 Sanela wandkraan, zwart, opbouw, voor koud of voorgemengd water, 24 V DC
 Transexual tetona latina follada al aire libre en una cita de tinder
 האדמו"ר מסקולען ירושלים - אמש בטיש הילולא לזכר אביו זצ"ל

*-*-*

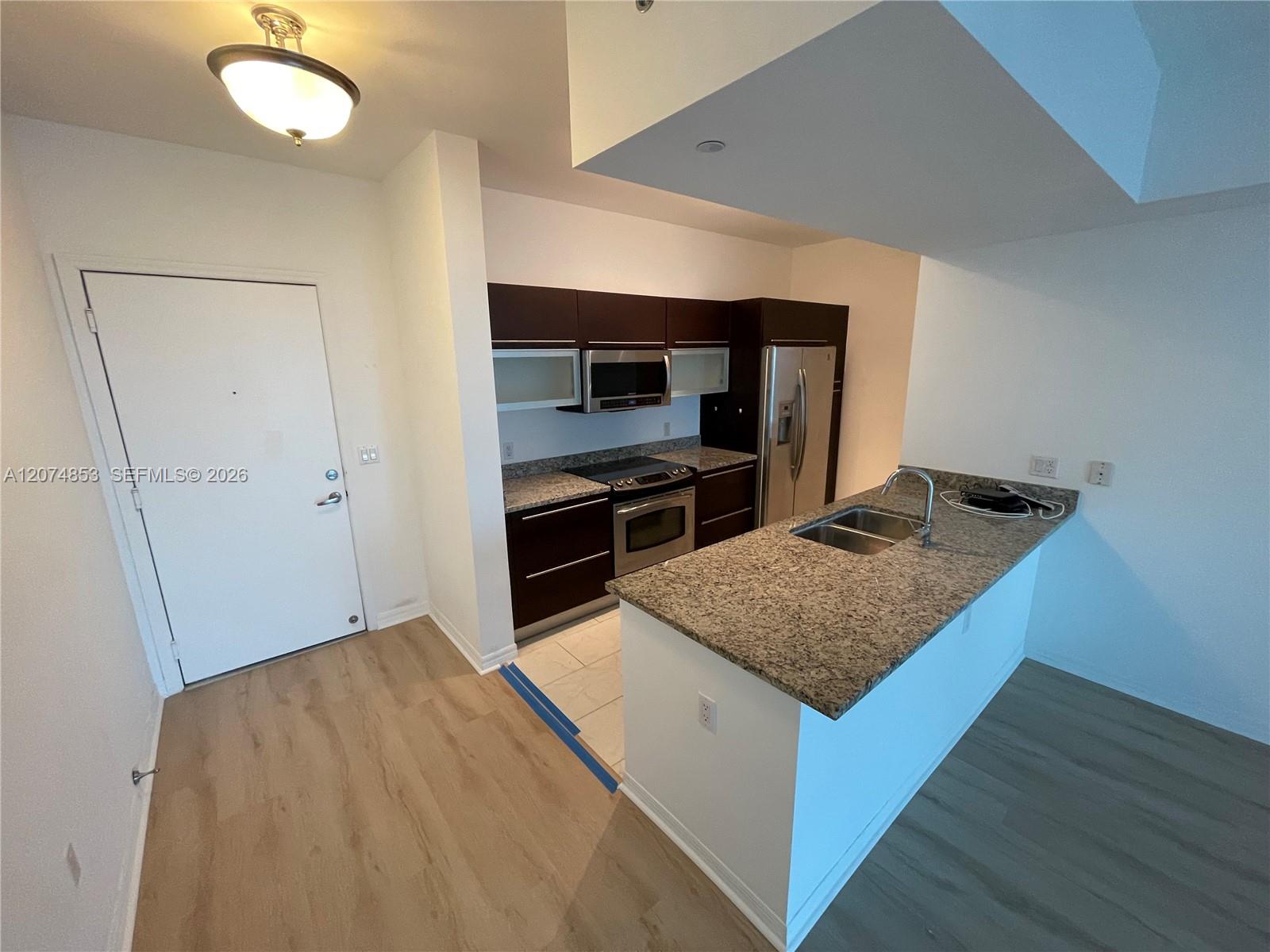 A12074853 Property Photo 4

*-*-*

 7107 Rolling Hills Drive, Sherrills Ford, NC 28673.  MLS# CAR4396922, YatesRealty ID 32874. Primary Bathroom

*-*-*

(Task):
The lines to extract from the data above begin with the line containing "Transexual tetona latina" and end with the line containing "ירושלים - אמש". Extract them exactly, including both.

(Response to this task):
 Transexual tetona latina follada al aire libre en una cita de tinder
 האדמו"ר מסקולען ירושלים - אמש בטיש הילולא לזכר אביו זצ"ל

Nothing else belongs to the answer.